*Exercise brief*
For this exercise, repeat the listing below from its first line through the line containing "Rojales - Ciudad Quesada", exactly as written.

=== Begin Enclosure ===

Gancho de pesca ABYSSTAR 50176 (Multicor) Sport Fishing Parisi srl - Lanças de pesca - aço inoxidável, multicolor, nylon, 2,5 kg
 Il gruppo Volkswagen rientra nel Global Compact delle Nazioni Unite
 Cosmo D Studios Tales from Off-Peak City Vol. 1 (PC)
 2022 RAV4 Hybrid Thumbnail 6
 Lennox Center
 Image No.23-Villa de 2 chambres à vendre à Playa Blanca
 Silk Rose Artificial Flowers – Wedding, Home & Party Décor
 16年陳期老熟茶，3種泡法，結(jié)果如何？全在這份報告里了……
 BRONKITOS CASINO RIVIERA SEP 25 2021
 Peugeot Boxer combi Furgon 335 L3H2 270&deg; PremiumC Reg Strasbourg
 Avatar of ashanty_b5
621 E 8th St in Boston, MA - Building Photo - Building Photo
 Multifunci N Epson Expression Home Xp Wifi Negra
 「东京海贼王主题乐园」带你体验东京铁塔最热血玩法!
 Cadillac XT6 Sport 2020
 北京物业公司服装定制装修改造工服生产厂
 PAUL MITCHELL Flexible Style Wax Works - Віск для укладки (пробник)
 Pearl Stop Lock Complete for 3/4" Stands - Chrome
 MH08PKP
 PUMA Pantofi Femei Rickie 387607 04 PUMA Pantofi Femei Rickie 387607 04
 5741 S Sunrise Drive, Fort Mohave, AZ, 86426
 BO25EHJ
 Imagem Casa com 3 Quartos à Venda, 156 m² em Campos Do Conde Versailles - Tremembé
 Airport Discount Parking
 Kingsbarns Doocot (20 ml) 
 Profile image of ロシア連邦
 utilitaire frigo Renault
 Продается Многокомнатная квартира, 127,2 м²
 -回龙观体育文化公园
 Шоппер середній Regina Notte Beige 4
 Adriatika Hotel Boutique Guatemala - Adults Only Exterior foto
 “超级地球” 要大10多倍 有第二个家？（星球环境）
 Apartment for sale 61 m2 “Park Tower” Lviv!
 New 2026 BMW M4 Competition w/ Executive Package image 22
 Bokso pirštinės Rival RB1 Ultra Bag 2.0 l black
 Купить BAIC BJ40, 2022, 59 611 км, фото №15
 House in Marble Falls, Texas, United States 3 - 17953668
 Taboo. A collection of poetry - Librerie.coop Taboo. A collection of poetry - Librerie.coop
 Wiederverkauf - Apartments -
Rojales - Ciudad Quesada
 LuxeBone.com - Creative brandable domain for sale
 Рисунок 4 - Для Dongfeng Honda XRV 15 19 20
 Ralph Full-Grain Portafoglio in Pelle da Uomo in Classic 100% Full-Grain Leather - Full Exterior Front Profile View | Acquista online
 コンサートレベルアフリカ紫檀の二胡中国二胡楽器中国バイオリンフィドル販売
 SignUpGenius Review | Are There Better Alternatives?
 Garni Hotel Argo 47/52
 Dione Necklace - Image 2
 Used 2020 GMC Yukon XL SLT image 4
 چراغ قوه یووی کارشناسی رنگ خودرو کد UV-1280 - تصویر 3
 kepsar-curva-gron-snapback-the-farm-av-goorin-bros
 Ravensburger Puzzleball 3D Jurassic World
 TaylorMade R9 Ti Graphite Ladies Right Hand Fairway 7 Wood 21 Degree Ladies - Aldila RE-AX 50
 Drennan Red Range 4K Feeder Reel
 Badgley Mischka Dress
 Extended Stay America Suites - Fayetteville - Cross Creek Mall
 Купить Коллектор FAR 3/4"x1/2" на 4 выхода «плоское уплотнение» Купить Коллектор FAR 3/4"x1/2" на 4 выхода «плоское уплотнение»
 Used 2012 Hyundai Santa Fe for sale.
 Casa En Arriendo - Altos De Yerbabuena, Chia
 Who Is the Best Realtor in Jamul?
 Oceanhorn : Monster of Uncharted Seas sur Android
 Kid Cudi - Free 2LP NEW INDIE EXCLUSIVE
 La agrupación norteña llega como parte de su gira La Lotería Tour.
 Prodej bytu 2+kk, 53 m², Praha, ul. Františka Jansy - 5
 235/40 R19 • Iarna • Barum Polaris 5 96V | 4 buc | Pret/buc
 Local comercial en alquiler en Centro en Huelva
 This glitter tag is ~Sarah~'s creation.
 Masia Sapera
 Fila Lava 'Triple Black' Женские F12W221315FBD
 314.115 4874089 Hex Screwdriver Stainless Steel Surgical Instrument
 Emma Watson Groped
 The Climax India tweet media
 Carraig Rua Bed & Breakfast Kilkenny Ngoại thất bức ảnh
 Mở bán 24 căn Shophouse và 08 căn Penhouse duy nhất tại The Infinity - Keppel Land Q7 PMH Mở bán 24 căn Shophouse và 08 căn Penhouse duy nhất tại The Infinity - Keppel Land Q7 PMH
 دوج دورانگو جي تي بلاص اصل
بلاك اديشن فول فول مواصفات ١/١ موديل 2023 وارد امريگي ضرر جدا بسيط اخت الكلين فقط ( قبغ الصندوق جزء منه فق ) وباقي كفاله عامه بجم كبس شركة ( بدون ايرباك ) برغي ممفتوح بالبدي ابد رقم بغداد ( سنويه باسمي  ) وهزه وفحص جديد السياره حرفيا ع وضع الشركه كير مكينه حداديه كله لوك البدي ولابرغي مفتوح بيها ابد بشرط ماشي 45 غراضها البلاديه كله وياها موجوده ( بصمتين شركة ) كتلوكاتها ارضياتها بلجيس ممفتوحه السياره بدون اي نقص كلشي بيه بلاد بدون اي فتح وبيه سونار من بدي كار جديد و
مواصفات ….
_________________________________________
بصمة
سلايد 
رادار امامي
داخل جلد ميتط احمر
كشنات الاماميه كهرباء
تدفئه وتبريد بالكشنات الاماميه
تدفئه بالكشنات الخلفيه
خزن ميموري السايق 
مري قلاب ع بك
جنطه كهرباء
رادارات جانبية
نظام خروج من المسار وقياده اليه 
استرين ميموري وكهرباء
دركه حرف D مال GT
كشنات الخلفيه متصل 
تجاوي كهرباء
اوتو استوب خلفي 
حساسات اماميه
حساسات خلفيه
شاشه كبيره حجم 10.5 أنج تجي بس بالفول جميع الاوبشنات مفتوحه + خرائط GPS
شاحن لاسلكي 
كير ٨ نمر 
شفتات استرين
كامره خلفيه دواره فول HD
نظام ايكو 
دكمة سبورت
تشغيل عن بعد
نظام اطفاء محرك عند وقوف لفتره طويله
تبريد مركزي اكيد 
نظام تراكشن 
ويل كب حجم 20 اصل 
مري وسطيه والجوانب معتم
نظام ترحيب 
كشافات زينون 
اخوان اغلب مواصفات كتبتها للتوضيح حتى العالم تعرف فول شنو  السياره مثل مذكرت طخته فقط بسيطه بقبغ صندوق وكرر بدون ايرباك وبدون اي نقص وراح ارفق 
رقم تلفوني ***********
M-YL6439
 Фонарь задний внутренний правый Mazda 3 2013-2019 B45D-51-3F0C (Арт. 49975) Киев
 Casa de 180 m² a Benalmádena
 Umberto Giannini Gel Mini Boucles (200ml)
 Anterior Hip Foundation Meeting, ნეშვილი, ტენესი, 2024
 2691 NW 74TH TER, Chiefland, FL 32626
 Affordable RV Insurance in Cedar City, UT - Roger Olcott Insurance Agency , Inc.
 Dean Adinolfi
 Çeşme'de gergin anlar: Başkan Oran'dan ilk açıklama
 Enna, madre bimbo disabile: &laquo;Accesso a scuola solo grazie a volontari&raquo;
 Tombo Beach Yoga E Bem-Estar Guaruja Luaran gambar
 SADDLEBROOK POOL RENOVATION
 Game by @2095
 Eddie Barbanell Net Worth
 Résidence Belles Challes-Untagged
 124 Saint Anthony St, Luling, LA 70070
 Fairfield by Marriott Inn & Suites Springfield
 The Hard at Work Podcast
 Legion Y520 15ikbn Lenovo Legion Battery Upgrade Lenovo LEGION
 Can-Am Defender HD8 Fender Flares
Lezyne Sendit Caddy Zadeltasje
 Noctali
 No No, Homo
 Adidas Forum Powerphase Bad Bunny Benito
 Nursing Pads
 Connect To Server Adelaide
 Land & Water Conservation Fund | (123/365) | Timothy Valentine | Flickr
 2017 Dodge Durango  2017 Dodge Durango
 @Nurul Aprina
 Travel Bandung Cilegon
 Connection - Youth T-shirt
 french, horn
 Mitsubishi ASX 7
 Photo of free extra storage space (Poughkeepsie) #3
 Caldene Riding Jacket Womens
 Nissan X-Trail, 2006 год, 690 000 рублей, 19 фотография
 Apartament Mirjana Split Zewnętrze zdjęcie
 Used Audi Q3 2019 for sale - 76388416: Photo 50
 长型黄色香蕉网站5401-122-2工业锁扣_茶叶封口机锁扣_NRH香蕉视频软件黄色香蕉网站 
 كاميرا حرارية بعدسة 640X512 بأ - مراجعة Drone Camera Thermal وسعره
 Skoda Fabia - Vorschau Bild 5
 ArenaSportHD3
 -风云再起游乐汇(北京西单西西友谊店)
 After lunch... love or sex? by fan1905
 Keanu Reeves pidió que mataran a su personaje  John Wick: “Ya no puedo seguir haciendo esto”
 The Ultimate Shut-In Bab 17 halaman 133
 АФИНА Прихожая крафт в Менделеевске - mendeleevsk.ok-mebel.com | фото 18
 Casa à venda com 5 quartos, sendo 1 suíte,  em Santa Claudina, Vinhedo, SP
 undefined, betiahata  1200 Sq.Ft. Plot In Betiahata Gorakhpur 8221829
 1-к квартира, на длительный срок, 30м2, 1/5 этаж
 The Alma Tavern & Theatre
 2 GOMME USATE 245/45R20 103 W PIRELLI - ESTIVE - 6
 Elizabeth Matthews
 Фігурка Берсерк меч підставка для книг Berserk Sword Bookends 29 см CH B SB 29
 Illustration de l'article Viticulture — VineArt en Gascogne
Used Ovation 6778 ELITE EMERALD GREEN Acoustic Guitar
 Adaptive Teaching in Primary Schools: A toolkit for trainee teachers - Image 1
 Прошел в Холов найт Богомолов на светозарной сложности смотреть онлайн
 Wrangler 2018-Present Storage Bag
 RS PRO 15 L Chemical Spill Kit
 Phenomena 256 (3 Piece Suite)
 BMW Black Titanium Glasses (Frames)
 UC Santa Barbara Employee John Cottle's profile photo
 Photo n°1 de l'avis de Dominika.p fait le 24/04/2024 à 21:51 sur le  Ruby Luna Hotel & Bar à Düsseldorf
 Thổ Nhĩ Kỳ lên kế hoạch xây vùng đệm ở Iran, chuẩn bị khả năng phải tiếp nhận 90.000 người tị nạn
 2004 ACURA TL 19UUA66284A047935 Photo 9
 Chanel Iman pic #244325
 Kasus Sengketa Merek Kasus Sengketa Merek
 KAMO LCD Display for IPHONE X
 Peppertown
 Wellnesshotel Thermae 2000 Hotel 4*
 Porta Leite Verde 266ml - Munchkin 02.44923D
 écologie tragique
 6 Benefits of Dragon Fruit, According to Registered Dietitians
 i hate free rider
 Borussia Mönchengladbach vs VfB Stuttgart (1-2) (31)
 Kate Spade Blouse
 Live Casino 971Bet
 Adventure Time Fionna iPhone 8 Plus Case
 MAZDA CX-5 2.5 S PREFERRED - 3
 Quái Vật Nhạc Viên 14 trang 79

=== End Enclosure ===

*Result*
Gancho de pesca ABYSSTAR 50176 (Multicor) Sport Fishing Parisi srl - Lanças de pesca - aço inoxidável, multicolor, nylon, 2,5 kg
 Il gruppo Volkswagen rientra nel Global Compact delle Nazioni Unite
 Cosmo D Studios Tales from Off-Peak City Vol. 1 (PC)
 2022 RAV4 Hybrid Thumbnail 6
 Lennox Center
 Image No.23-Villa de 2 chambres à vendre à Playa Blanca
 Silk Rose Artificial Flowers – Wedding, Home & Party Décor
 16年陳期老熟茶，3種泡法，結(jié)果如何？全在這份報告里了……
 BRONKITOS CASINO RIVIERA SEP 25 2021
 Peugeot Boxer combi Furgon 335 L3H2 270&deg; PremiumC Reg Strasbourg
 Avatar of ashanty_b5
621 E 8th St in Boston, MA - Building Photo - Building Photo
 Multifunci N Epson Expression Home Xp Wifi Negra
 「东京海贼王主题乐园」带你体验东京铁塔最热血玩法!
 Cadillac XT6 Sport 2020
 北京物业公司服装定制装修改造工服生产厂
 PAUL MITCHELL Flexible Style Wax Works - Віск для укладки (пробник)
 Pearl Stop Lock Complete for 3/4" Stands - Chrome
 MH08PKP
 PUMA Pantofi Femei Rickie 387607 04 PUMA Pantofi Femei Rickie 387607 04
 5741 S Sunrise Drive, Fort Mohave, AZ, 86426
 BO25EHJ
 Imagem Casa com 3 Quartos à Venda, 156 m² em Campos Do Conde Versailles - Tremembé
 Airport Discount Parking
 Kingsbarns Doocot (20 ml) 
 Profile image of ロシア連邦
 utilitaire frigo Renault
 Продается Многокомнатная квартира, 127,2 м²
 -回龙观体育文化公园
 Шоппер середній Regina Notte Beige 4
 Adriatika Hotel Boutique Guatemala - Adults Only Exterior foto
 “超级地球” 要大10多倍 有第二个家？（星球环境）
 Apartment for sale 61 m2 “Park Tower” Lviv!
 New 2026 BMW M4 Competition w/ Executive Package image 22
 Bokso pirštinės Rival RB1 Ultra Bag 2.0 l black
 Купить BAIC BJ40, 2022, 59 611 км, фото №15
 House in Marble Falls, Texas, United States 3 - 17953668
 Taboo. A collection of poetry - Librerie.coop Taboo. A collection of poetry - Librerie.coop
 Wiederverkauf - Apartments -
Rojales - Ciudad Quesada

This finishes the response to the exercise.